The studies of Refs. [11], [12], [18], also used adaptive learning algorithm for the separation of the EEG signal into homogenous segments. So, again, the advantage of our completely automated non-parametric segmentation approach, with the thresholds calculated from the theoretical distribution, minimizes reliance on the information from doctor’s scoring. We use the manual score only to identify the characteristics which are useful for the sleep stage separation.

The composition of the paper is as follows:

In Section 2 we define various characteristics and methods used in our analysis of neonate sleep EEG patterns. We begin with the spectral characteristics and some nonlinear measures in Section 2.1 and move on to the fractional dimension in Section 2.2.

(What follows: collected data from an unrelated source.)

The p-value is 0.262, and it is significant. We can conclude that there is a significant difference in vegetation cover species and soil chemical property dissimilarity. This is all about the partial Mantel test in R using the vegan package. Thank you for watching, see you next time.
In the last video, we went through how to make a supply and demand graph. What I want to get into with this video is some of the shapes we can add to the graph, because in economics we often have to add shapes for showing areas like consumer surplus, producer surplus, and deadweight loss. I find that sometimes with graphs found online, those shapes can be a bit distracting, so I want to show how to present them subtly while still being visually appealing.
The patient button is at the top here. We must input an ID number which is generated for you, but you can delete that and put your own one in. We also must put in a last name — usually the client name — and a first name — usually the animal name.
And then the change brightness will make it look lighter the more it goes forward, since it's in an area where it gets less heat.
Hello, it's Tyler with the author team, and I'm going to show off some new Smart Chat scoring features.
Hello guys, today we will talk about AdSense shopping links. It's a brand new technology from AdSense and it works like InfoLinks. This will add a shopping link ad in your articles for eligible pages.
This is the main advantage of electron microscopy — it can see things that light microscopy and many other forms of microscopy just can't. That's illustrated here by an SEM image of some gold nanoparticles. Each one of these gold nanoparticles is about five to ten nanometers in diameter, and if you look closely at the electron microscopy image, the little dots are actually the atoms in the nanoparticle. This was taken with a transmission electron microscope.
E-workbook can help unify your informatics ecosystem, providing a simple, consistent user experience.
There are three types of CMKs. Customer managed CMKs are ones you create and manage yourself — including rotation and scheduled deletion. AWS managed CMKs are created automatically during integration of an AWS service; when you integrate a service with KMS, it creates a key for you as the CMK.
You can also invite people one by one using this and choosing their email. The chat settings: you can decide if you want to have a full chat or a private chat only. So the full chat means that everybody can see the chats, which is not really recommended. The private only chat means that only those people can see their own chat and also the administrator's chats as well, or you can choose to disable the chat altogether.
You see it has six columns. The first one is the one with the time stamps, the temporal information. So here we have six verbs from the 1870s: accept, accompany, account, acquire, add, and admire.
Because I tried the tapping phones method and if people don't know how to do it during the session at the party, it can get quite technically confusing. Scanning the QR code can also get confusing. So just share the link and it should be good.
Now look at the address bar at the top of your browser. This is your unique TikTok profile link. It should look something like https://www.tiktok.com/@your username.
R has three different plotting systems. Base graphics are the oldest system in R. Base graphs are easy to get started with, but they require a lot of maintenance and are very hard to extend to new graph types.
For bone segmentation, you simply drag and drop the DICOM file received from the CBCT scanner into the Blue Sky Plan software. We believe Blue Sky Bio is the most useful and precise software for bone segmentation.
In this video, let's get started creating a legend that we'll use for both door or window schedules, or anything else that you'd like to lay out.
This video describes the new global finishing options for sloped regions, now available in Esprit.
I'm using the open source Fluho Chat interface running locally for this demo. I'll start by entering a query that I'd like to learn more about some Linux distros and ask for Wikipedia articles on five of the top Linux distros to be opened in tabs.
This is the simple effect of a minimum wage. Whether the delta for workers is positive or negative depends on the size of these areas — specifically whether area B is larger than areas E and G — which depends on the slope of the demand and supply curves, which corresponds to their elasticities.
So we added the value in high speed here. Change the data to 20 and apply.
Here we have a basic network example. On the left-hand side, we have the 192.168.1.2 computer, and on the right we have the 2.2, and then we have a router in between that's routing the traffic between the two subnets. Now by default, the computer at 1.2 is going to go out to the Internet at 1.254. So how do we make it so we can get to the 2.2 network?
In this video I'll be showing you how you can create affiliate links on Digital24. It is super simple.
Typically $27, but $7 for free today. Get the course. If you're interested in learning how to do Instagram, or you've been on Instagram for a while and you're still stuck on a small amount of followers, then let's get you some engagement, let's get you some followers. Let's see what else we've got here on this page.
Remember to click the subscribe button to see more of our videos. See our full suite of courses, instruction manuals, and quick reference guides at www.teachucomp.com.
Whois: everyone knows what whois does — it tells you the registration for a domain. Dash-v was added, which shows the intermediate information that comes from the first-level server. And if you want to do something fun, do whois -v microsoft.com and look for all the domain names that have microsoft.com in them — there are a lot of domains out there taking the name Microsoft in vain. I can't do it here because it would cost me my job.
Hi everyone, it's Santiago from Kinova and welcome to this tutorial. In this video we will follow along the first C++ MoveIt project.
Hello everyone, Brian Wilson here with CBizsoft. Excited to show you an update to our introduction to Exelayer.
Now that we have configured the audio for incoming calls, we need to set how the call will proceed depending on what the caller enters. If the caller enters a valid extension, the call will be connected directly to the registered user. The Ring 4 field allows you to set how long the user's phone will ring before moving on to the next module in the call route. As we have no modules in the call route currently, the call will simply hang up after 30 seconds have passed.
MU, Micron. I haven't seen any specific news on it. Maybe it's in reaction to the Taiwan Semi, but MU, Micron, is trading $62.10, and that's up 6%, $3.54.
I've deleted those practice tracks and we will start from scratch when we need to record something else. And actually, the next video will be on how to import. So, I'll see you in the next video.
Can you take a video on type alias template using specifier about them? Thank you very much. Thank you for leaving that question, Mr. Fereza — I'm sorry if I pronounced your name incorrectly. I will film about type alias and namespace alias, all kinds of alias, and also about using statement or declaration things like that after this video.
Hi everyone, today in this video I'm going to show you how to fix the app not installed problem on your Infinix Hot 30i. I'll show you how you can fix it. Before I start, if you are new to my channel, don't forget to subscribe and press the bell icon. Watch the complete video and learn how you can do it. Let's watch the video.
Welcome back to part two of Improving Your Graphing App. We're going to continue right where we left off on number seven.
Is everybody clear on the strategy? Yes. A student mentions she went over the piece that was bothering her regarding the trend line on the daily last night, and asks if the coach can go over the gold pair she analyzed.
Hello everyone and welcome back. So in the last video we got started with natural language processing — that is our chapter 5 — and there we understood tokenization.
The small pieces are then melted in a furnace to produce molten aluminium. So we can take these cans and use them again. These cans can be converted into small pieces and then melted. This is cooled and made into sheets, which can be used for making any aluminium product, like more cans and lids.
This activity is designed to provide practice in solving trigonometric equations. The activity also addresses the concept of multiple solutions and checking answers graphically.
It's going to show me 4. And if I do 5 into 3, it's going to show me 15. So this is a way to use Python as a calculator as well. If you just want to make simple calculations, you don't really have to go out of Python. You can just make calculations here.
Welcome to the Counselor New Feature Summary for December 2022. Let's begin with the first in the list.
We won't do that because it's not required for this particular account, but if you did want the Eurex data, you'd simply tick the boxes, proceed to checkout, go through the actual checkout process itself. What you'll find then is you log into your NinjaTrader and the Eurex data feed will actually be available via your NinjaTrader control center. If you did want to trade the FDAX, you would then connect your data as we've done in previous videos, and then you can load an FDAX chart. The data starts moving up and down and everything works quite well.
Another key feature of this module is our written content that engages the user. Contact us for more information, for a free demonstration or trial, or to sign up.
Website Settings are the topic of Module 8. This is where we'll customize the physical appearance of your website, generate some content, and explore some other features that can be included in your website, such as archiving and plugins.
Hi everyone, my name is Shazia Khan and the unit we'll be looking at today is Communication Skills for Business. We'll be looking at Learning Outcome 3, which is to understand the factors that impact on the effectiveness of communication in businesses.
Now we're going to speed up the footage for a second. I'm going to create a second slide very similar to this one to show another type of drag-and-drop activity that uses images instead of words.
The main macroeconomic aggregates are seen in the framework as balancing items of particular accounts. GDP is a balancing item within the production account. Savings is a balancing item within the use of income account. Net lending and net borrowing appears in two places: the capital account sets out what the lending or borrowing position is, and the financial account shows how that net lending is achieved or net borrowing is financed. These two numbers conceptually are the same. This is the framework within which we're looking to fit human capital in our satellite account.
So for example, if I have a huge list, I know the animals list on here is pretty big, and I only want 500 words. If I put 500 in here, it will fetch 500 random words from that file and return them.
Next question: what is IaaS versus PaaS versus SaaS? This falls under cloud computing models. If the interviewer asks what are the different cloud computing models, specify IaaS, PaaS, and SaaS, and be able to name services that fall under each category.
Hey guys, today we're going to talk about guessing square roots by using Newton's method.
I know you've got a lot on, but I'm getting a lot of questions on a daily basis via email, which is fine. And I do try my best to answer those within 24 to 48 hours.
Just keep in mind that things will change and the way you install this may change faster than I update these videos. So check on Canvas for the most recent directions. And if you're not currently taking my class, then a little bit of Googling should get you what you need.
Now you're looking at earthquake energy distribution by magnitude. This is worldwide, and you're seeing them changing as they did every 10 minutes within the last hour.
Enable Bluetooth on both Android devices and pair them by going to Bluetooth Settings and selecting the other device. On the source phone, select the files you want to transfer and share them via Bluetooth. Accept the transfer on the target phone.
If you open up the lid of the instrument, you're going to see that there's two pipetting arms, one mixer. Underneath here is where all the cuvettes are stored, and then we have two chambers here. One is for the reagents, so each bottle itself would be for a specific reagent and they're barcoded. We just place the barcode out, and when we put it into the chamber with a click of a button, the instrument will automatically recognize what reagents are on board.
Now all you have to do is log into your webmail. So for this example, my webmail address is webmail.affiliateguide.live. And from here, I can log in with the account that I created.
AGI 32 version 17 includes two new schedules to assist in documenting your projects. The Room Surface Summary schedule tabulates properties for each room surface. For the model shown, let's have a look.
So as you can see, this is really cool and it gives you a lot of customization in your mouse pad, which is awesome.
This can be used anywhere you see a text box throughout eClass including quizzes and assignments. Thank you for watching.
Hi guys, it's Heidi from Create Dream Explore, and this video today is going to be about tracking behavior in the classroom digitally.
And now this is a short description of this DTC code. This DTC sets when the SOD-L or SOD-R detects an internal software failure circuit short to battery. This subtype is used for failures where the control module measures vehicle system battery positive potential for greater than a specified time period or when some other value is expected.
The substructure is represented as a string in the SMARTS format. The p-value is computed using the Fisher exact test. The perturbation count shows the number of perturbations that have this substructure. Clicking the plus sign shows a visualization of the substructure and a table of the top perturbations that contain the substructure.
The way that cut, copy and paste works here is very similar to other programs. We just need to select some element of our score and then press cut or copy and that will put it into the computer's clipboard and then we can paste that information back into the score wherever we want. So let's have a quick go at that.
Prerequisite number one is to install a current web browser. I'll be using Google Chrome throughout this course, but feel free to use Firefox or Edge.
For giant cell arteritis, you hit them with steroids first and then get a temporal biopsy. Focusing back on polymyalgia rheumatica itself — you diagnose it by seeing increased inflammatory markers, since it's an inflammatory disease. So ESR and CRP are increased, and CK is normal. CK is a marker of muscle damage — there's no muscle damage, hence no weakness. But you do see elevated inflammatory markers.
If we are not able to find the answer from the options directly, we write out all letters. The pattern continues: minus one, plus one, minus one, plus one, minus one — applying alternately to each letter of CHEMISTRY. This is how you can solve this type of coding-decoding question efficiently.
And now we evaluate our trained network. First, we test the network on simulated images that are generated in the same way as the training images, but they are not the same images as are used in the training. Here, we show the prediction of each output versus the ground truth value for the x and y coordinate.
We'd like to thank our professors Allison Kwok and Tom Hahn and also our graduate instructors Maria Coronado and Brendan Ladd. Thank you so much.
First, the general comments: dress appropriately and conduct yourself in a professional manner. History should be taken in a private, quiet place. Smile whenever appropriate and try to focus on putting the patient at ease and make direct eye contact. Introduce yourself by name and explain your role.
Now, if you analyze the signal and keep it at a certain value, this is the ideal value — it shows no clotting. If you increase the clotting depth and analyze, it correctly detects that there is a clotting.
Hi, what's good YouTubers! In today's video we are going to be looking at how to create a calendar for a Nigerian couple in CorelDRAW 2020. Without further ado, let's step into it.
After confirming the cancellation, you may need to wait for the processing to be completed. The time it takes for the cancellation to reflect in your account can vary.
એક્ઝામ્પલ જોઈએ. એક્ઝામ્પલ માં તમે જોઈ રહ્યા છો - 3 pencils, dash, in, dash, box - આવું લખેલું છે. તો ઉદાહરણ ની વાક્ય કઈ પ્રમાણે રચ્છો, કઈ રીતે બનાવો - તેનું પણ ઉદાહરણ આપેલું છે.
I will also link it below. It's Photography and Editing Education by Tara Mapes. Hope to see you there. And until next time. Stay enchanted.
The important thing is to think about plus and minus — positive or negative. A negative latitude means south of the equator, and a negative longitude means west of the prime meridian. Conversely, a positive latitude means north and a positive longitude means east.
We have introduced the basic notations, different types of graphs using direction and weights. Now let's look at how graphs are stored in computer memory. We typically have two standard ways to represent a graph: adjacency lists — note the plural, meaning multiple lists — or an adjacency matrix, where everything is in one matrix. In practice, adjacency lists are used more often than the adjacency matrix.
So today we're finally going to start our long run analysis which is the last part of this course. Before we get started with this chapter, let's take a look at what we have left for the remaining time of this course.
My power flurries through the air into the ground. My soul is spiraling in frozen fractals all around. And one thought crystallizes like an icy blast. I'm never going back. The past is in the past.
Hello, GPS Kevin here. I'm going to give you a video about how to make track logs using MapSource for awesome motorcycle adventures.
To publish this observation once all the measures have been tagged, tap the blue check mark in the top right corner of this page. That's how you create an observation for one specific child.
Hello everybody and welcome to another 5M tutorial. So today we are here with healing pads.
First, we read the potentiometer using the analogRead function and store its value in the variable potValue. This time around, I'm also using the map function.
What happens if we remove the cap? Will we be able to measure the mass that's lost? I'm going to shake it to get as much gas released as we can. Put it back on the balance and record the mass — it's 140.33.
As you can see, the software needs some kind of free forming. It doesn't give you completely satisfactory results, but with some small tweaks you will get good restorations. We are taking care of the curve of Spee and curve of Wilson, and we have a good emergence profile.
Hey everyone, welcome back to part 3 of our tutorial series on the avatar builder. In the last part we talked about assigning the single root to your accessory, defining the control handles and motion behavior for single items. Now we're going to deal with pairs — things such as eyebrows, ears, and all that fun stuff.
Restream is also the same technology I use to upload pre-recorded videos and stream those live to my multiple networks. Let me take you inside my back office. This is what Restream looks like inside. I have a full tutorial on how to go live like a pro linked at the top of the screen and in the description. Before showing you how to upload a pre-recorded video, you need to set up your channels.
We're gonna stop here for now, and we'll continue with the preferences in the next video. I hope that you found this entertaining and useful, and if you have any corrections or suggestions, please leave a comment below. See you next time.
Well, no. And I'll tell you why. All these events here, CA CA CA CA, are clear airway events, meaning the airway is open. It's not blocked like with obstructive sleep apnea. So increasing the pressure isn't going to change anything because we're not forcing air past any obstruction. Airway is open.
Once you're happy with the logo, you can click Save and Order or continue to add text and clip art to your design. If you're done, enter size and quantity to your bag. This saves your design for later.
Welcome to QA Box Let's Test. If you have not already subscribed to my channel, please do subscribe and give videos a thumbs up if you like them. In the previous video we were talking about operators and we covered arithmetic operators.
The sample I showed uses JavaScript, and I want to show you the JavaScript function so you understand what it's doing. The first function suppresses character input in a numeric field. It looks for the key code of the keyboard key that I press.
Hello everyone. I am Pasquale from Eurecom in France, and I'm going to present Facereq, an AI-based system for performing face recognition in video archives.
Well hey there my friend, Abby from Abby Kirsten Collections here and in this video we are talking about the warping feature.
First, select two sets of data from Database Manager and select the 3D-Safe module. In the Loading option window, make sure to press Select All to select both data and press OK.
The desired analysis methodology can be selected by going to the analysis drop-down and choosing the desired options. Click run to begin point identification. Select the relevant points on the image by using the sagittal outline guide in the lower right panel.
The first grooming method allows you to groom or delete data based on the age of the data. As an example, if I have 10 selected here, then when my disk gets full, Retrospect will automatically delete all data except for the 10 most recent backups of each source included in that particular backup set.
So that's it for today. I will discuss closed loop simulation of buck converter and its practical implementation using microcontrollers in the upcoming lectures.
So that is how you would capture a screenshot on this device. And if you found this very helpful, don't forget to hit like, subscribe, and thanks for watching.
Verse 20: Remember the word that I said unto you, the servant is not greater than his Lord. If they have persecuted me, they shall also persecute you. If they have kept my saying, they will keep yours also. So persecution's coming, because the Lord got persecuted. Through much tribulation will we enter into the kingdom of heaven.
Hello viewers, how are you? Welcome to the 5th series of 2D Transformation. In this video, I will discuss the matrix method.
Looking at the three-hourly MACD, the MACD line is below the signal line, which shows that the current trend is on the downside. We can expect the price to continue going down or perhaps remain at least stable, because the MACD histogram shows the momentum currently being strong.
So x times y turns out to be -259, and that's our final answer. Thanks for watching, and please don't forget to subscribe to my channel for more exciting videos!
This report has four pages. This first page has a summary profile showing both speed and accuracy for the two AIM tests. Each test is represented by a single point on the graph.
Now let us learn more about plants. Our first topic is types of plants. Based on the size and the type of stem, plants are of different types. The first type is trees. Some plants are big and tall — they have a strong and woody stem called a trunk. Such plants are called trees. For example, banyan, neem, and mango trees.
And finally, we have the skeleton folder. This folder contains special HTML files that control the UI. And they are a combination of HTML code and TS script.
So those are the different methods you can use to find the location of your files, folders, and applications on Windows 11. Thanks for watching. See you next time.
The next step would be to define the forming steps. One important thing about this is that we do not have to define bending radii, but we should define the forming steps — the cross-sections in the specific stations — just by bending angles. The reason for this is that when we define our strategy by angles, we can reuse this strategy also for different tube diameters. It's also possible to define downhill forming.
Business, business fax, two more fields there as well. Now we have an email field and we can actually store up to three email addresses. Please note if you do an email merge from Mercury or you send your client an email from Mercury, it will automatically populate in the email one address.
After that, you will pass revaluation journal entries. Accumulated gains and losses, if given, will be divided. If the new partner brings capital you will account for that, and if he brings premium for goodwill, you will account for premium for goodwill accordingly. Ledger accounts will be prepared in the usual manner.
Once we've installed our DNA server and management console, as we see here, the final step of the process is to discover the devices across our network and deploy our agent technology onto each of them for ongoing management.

Section 3 analyzes concrete recordings for 21 fullterm and 16 preterm healthy neonates of 40 week post-conceptional age each. In Section 3.1 we use the non-parametric Wilcoxon test to select characteristics that are best suited for the separation of quiet and active sleep stages for both fullterm and preterm populations. A nonlinear transformation of some diagnostic sequences is utilized to guarantee the symmetry of the data distribution and thus the applicability of the Wilcoxon test. In Section 3.2 optimal characteristics to discriminate between fullterm and preterm infants within the same sleep stage are identified.

Finally, Section 4 develops and tests an automatic procedure for the separation of neonatal sleep stages using EEG-based change-point detection algorithms and diagnostic sequences that incorporate the significant characteristics identified in Section 3.